Freedom. What does it mean to you? To me, freedom is being able to live life on my own terms. To think, move, create, love, achieve, and believe without shame, restriction, judgement or punishment. To allow myself to be seen (fully) and have the ability to show up just as I am. To live without inhibition, hesitation, or limits.

Freedom. Why are we constantly seeking it? Isn’t it our fundamental birth right? Freedom is our birth right, but it gets revoked by people that believe that it is their right to determine how we spend our days. People that seek to have power over us. It’s the power over us that feeds the systems and processes that perpetuate inequality. It’s the need to have control, ownership, and authority over people that creates a collective full of predators and prey.

How often do you feel free in your own life?
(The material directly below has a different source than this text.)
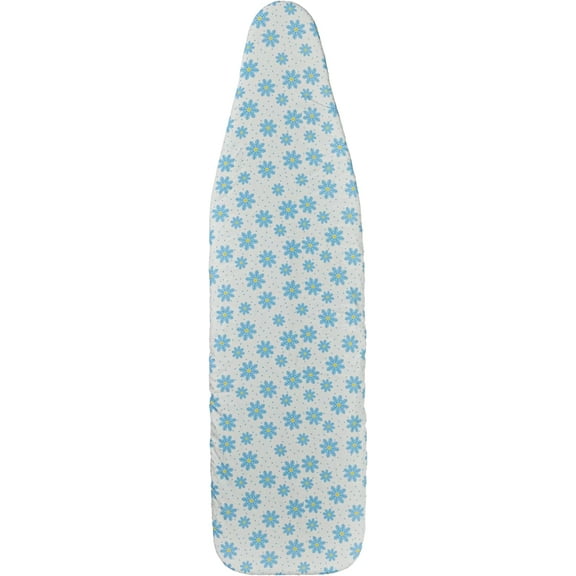 Deluxe Ironing Board Replacement Pad and Cover, Blue Floral Pattern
Think back to your formative years. Did you grow up in a house where freedom was celebrated or condemned? Were you allowed to express yourself and your emotions freely? Were you raised to question or follow social constructs, traditional belief systems, and gender roles? Was free thinking and having an opinion allowed or punished?
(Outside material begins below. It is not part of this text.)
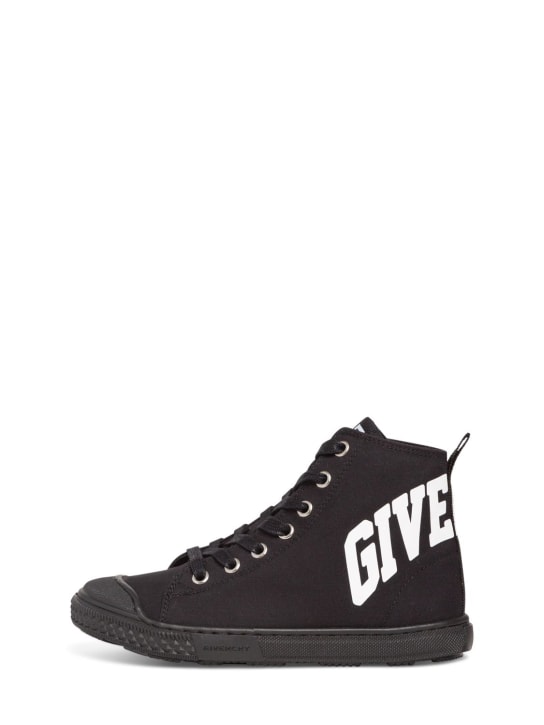 Givenchy: Baskets montantes en toile imprimé logo - Noir - kids-boys_0 | Luisa Via Roma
I personally grew up in a house where one person had ultimate authority-my mother. It wasn’t the type of authority that believed in progress and the ability to shape the collective for the better. It was the type of authority that fed off having power over people…ultimate control. The type that if she wasn’t happy, no one was. The type where you learn very quickly that in order to survive, you must at all times do what you need to do to make her life a little easier. Being raised in these types of households breeds oppression. It programs us for survival-don’t question, ignore your needs/wants, and obey.

The survivor’s mindset is dangerous and an enormous threat to the collective. It’s like being held captive in a house with all the doors unlocked. You’re so programmed to believe that you can’t get out that you don’t even try to open the doors.

If everyone is programmed to just survive, how can we end centuries of oppression? If we can’t get free in our own minds, how can we get free in our lives?

My personal quest for freedom began because I ended up in a relationship with someone just like my mother. After years of servitude and bleeding out my power, I began to secretly question everything. According to society, I had the perfect life (engaged to my high school sweetheart, two kids (a girl and a boy), a beautiful home, and financial security), but I had to ask permission to live it. I couldn’t freely move around and do the things that brought me joy. I couldn’t freely express my opinions and concerns. I couldn’t make myself a priority. As the years passed and I lost more and more of the authority over my own life, I realized that I wasn’t co-creating a life with my partner. I was living his life, on his terms.

Are you living a version of someone else’s life?

At some point in our lives, we have all subscribed to a belief system or narrative that tells us that life has to be a certain way. Whether consciously or subconsciously, we live a life that someone else has written for us. It isn’t until we realize that there might be more available-that there might be different way to do things-that we become curious and begin to question everything.

If this year has taught us anything, it is that there might be a better way to do things. As the old systems and ways of existing are being broken down and cleared out, can you begin to think of what freedom looks like to you?

With Love, Ashley Bachelor

“Can anyone be happy if they aren’t free?”